**TASK BRIEF**
Below, find the line containing "Nhấn để phóng to" and the line containing "ĐT Việt Nam"; reproduce exactly those two and every line between them, omitting pictures.

(STUDY MATERIAL Opens)

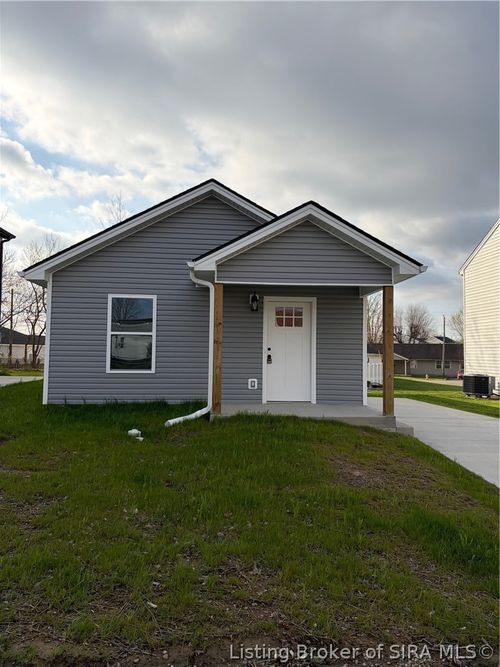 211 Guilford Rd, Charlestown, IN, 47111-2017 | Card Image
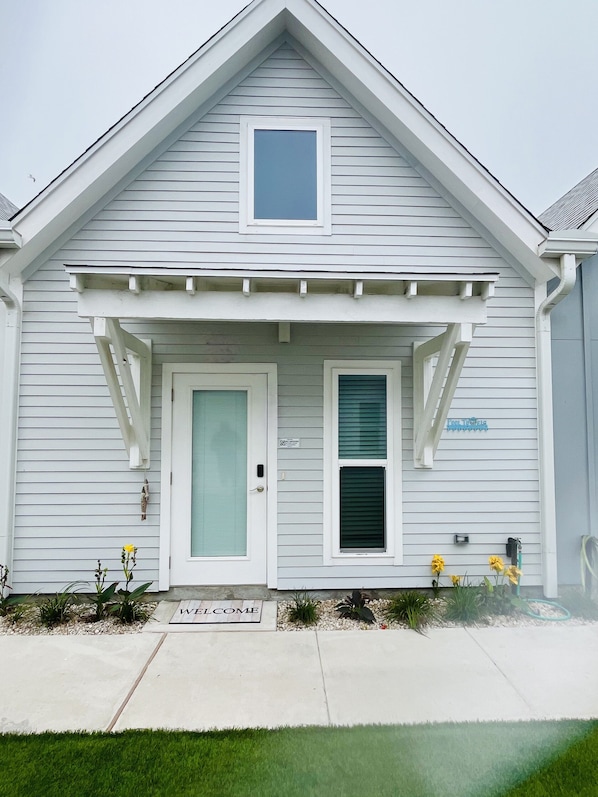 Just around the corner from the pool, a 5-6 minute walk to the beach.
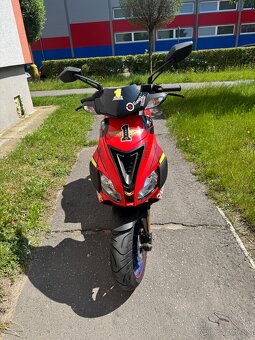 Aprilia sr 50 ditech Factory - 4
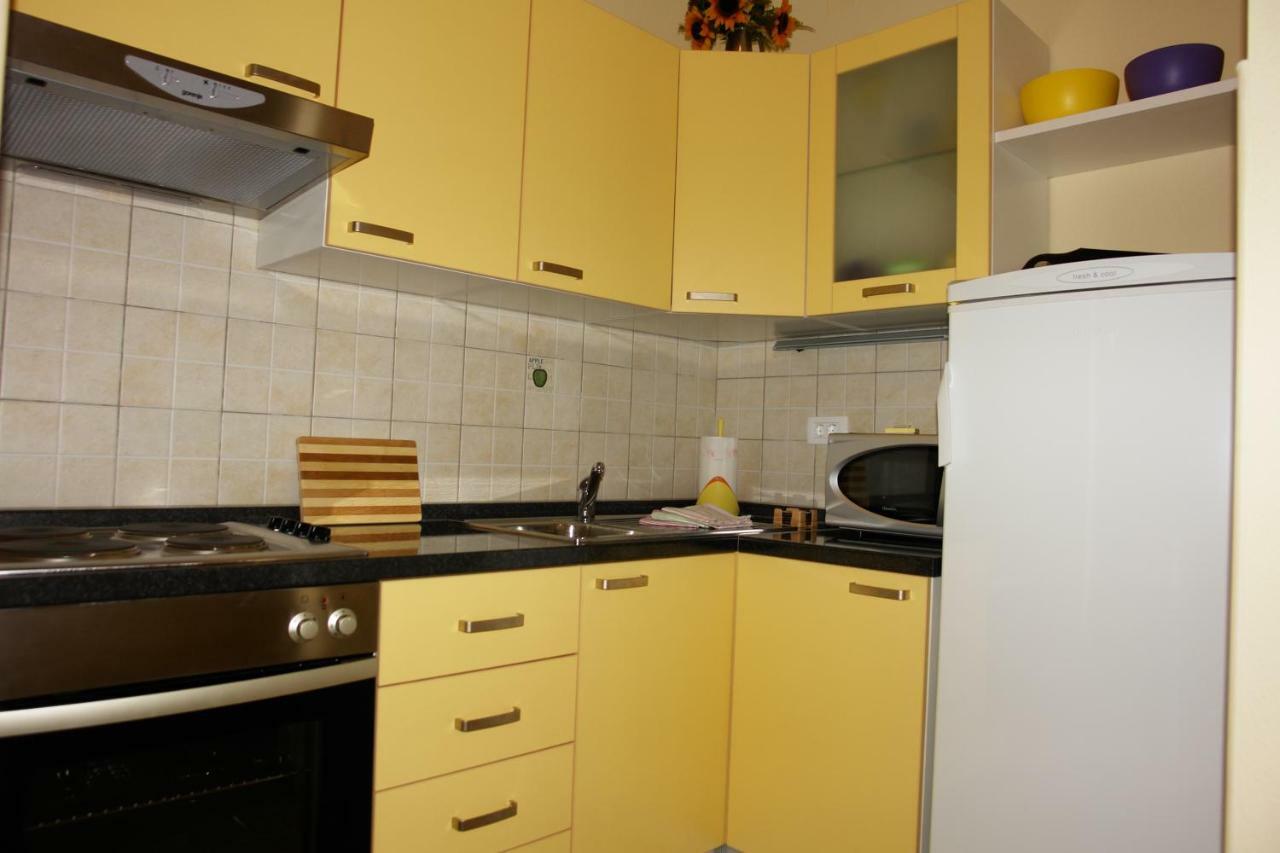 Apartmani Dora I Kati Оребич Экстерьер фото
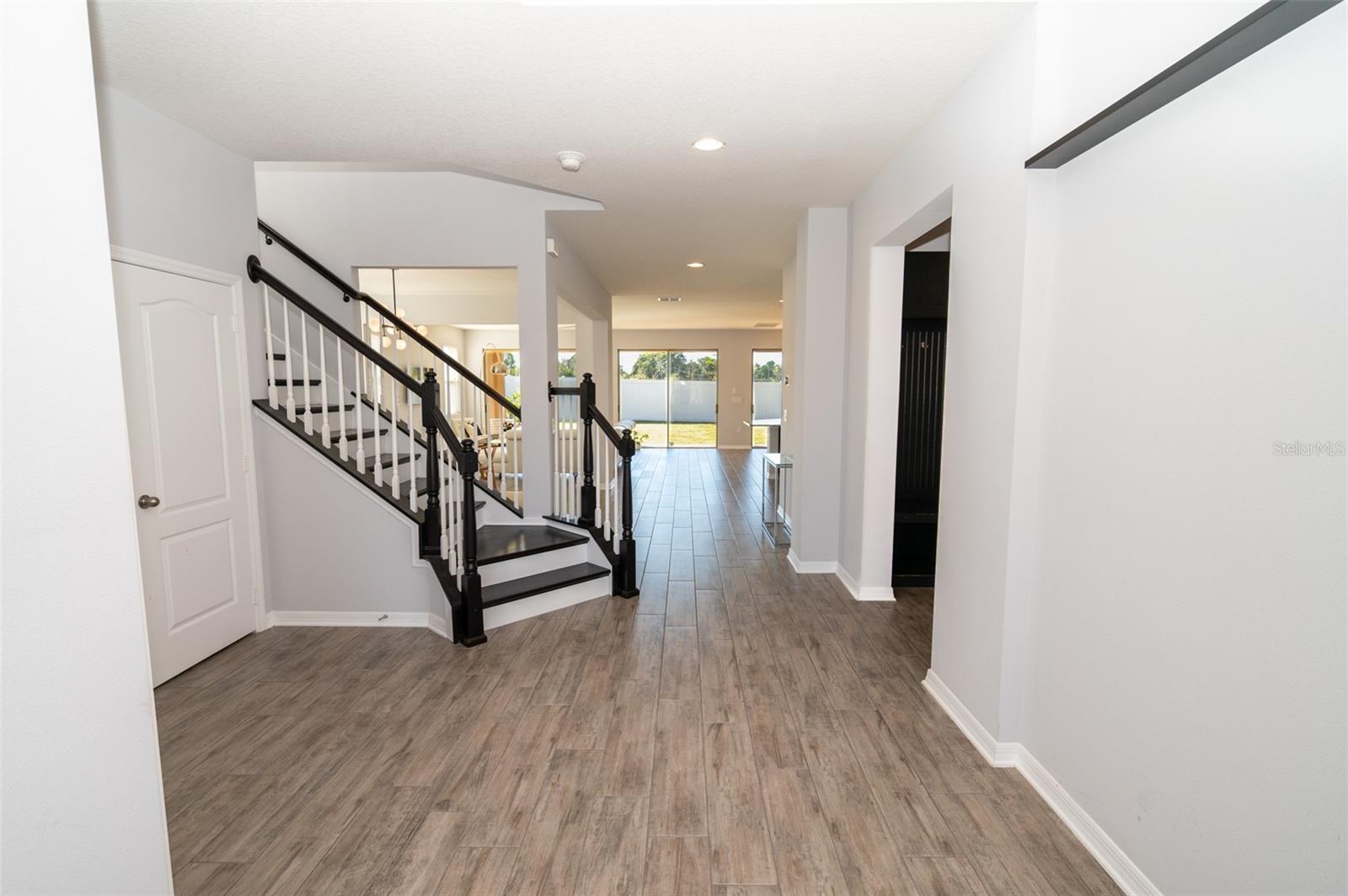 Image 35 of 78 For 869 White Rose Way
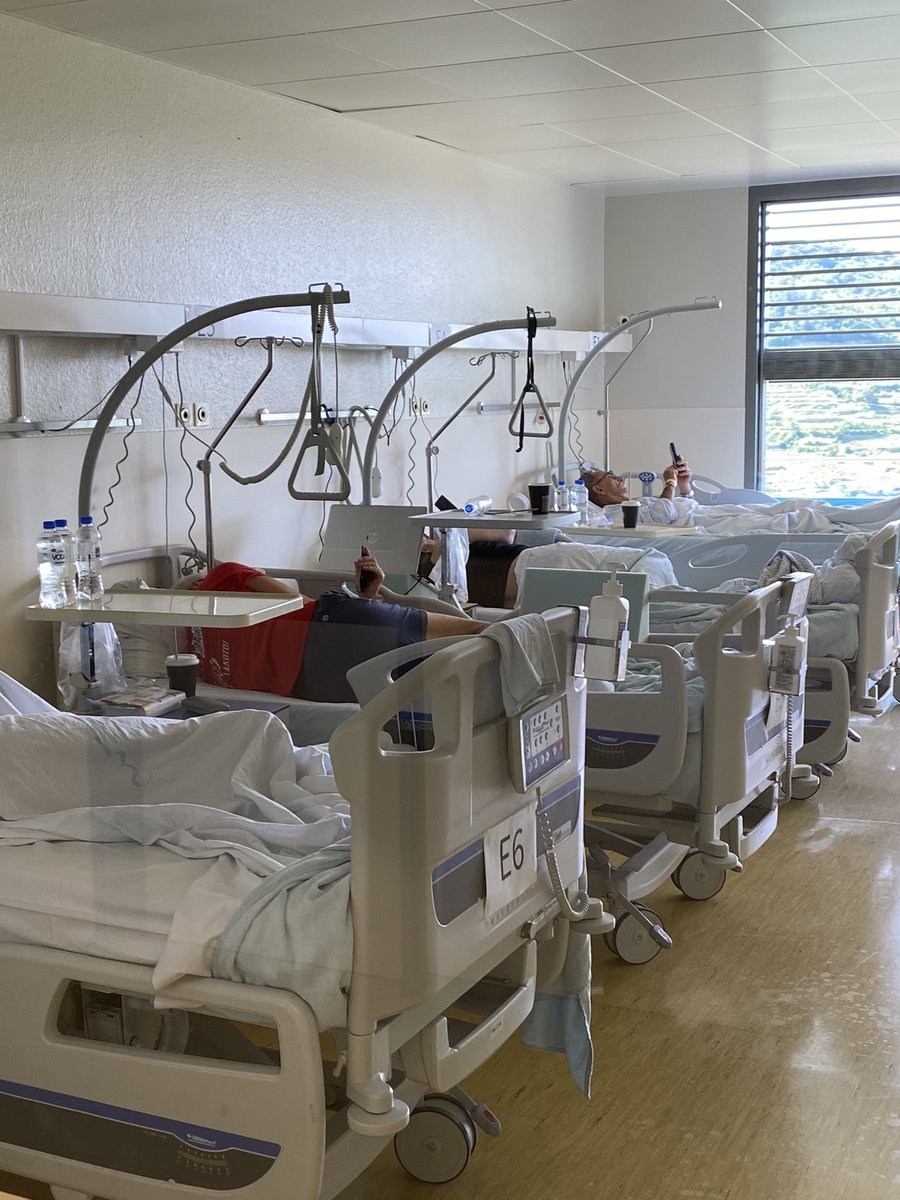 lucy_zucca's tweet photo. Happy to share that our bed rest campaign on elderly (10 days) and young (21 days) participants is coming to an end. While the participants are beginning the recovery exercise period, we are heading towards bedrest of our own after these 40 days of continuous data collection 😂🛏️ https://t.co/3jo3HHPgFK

(STUDY MATERIAL Closes)
(STUDY MATERIAL Opens)

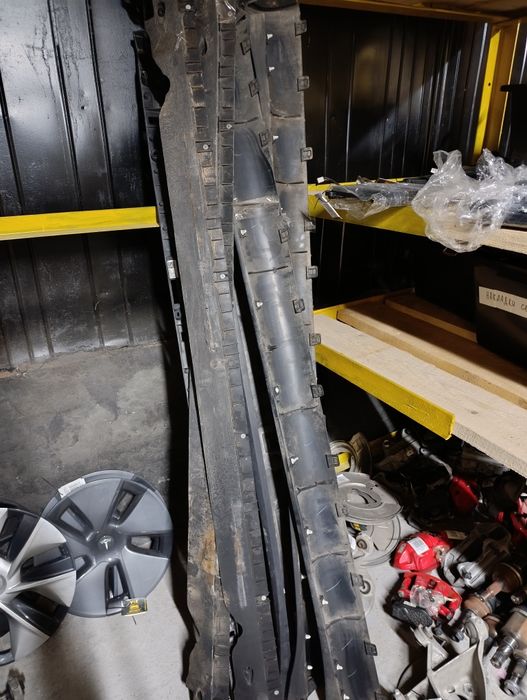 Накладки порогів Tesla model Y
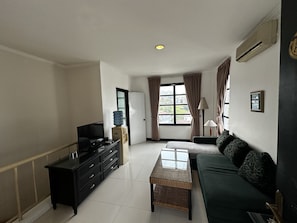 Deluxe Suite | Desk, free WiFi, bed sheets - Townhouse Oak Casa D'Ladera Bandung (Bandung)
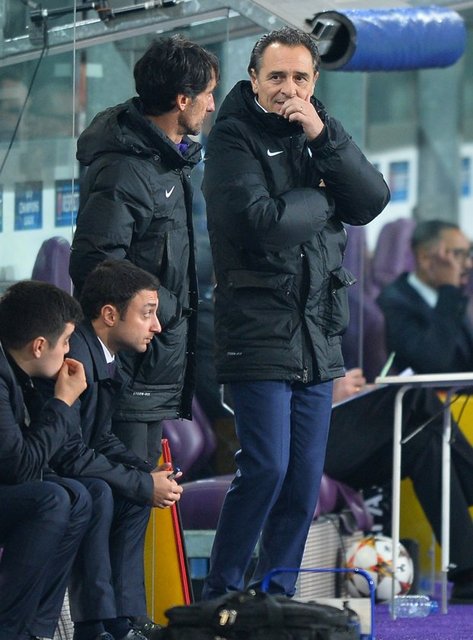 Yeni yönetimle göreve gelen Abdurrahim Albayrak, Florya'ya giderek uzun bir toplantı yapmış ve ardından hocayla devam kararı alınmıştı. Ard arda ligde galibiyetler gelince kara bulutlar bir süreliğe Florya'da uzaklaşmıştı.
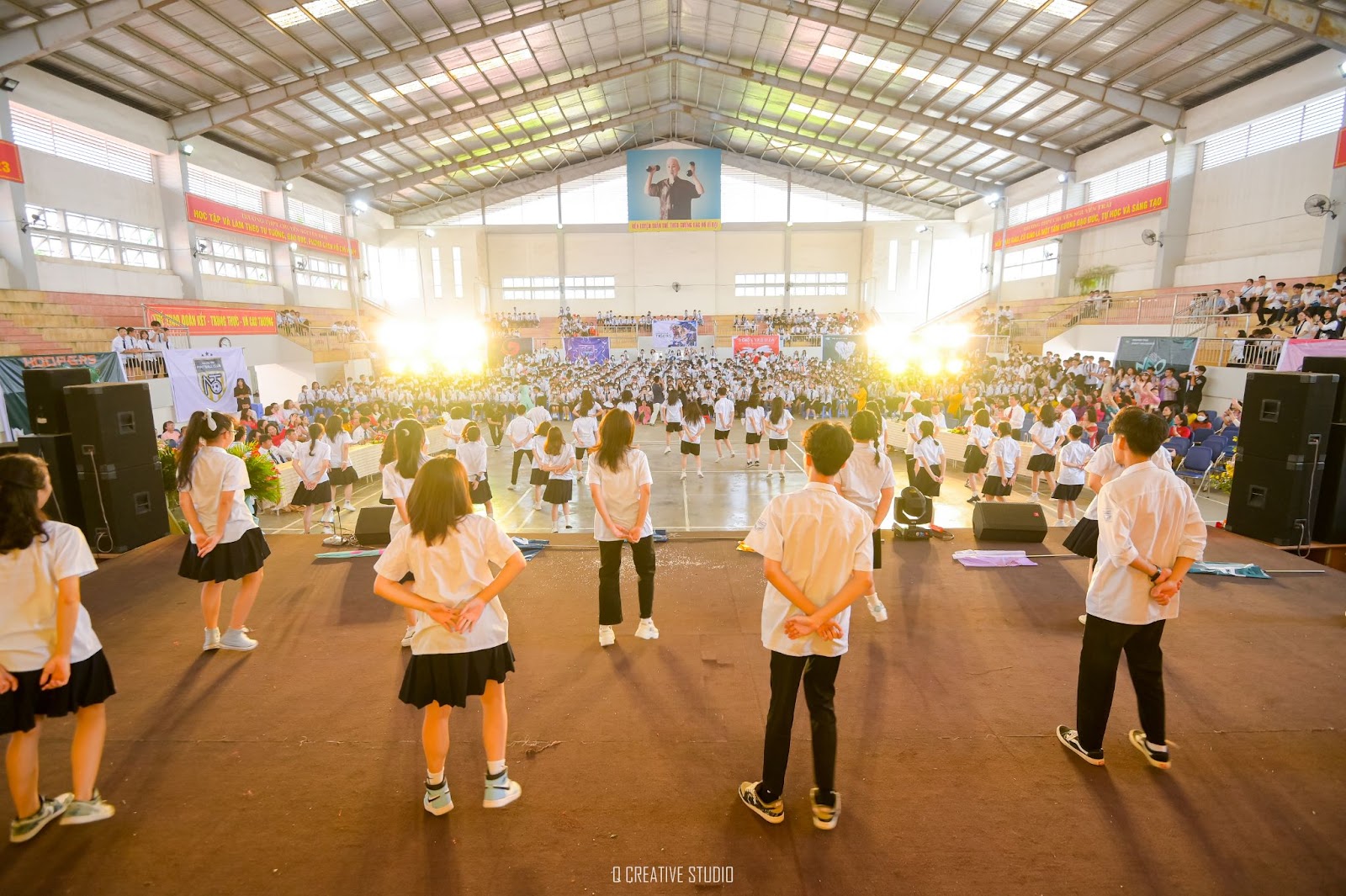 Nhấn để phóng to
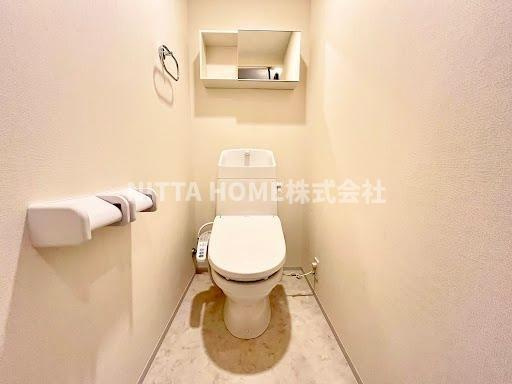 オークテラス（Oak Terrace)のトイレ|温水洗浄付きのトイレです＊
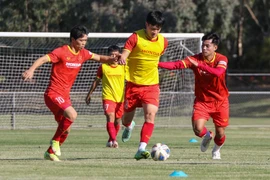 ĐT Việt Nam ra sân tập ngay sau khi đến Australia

(STUDY MATERIAL Closes)

**SOLUTION FOR THIS TASK**
 Nhấn để phóng to
 オークテラス（Oak Terrace)のトイレ|温水洗浄付きのトイレです＊
 ĐT Việt Nam ra sân tập ngay sau khi đến Australia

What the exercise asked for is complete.